- YOUR TASK: This exercise requires an exact copy of each line from the one containing "Cartoon Human Internal Organs Set 96813246" down to the last line below.

- GIVEN DATA:
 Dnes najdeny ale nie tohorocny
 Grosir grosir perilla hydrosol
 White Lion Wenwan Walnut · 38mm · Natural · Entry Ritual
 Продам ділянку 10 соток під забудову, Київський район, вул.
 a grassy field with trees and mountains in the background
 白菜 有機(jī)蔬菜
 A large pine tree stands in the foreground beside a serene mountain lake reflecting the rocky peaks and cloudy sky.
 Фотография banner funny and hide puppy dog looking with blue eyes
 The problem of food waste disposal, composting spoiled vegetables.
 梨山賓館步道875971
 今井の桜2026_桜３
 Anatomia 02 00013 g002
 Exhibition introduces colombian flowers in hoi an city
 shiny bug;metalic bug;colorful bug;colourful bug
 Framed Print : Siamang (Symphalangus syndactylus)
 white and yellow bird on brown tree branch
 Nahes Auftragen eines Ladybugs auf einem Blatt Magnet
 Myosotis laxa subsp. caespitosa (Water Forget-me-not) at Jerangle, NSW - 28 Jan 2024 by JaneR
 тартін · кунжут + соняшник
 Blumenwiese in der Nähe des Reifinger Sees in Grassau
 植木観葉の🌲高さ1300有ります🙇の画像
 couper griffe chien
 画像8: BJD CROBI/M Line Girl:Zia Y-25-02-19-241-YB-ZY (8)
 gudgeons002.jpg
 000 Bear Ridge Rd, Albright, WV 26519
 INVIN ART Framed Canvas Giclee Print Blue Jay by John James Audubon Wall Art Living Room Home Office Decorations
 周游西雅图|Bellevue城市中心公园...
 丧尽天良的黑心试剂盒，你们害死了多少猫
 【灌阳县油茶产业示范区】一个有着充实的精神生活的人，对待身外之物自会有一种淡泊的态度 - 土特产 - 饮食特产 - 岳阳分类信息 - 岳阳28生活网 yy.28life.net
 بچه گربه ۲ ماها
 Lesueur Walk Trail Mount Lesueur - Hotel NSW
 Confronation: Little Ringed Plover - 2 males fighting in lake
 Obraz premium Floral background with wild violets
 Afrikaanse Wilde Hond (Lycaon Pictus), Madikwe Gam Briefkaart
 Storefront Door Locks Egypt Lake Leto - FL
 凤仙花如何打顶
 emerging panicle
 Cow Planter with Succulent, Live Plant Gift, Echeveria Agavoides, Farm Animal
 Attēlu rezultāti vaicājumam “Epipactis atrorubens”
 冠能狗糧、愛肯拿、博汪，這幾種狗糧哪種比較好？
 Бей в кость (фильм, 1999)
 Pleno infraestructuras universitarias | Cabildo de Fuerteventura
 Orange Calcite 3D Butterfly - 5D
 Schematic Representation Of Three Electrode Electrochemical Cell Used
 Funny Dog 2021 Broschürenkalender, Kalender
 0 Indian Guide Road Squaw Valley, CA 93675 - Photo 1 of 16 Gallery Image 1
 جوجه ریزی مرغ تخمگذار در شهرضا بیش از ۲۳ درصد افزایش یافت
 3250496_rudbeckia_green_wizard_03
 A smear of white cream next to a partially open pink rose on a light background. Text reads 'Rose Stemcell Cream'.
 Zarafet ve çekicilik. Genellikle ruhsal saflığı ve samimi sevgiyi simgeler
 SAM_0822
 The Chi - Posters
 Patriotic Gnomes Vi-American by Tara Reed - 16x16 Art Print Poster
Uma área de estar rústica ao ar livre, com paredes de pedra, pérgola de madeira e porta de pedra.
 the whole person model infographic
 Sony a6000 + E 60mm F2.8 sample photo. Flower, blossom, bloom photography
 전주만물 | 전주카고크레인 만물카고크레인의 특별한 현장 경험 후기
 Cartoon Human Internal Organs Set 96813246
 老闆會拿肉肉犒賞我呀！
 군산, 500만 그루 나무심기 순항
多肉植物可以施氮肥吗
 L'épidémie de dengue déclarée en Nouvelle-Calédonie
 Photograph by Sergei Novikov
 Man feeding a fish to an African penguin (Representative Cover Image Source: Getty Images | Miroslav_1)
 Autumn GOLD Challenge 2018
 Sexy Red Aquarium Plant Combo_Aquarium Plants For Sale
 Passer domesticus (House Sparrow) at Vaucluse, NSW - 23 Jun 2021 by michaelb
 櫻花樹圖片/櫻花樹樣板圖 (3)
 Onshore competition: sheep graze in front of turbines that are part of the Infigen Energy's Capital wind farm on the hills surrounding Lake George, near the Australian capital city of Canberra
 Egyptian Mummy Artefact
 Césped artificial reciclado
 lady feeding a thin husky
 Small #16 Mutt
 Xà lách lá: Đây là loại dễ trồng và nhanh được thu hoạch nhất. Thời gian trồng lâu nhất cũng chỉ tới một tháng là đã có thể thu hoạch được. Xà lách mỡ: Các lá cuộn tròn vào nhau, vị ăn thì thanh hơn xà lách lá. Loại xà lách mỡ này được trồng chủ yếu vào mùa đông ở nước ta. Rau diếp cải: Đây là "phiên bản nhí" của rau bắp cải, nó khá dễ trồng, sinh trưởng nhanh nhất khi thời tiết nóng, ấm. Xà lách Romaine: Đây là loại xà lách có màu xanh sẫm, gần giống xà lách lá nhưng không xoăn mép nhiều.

- SOLUTION FOR THIS EXERCISE:
 Cartoon Human Internal Organs Set 96813246
 老闆會拿肉肉犒賞我呀！
 군산, 500만 그루 나무심기 순항
多肉植物可以施氮肥吗
 L'épidémie de dengue déclarée en Nouvelle-Calédonie
 Photograph by Sergei Novikov
 Man feeding a fish to an African penguin (Representative Cover Image Source: Getty Images | Miroslav_1)
 Autumn GOLD Challenge 2018
 Sexy Red Aquarium Plant Combo_Aquarium Plants For Sale
 Passer domesticus (House Sparrow) at Vaucluse, NSW - 23 Jun 2021 by michaelb
 櫻花樹圖片/櫻花樹樣板圖 (3)
 Onshore competition: sheep graze in front of turbines that are part of the Infigen Energy's Capital wind farm on the hills surrounding Lake George, near the Australian capital city of Canberra
 Egyptian Mummy Artefact
 Césped artificial reciclado
 lady feeding a thin husky
 Small #16 Mutt
 Xà lách lá: Đây là loại dễ trồng và nhanh được thu hoạch nhất. Thời gian trồng lâu nhất cũng chỉ tới một tháng là đã có thể thu hoạch được. Xà lách mỡ: Các lá cuộn tròn vào nhau, vị ăn thì thanh hơn xà lách lá. Loại xà lách mỡ này được trồng chủ yếu vào mùa đông ở nước ta. Rau diếp cải: Đây là "phiên bản nhí" của rau bắp cải, nó khá dễ trồng, sinh trưởng nhanh nhất khi thời tiết nóng, ấm. Xà lách Romaine: Đây là loại xà lách có màu xanh sẫm, gần giống xà lách lá nhưng không xoăn mép nhiều.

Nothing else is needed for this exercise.